> **Task instructions**:
Your task is to retype, exactly and with nothing else, every line from the one containing "To view patient" to the end of the listing.

::: Dataset excerpts :::

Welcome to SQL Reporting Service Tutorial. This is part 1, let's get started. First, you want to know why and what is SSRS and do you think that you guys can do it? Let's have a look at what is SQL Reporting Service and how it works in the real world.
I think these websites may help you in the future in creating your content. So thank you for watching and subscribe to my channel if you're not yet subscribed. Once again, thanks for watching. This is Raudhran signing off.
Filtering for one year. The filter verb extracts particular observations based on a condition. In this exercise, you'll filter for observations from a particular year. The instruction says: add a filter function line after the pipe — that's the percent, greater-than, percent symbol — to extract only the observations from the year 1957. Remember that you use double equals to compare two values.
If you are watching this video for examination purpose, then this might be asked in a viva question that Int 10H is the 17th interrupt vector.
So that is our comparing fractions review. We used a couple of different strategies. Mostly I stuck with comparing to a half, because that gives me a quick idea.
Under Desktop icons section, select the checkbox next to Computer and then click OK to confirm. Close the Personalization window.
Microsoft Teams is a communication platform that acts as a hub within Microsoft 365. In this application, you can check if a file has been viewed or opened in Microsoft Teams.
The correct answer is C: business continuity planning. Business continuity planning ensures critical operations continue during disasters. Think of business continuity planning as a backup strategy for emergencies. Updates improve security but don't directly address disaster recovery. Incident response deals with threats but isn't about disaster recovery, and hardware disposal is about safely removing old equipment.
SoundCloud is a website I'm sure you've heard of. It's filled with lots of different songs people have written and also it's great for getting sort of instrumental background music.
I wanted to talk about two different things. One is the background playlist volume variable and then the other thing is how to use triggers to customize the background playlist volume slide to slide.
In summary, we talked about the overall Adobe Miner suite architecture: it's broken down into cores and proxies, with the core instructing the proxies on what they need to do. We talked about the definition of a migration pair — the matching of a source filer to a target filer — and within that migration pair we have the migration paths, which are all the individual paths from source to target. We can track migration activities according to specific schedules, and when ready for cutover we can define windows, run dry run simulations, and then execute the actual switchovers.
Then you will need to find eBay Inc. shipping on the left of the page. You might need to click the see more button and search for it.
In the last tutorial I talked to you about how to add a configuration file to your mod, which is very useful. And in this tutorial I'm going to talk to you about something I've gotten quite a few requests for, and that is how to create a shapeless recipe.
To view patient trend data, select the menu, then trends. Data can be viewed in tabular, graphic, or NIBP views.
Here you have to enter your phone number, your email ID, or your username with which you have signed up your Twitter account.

:::

> **Response**:
To view patient trend data, select the menu, then trends. Data can be viewed in tabular, graphic, or NIBP views.
Here you have to enter your phone number, your email ID, or your username with which you have signed up your Twitter account.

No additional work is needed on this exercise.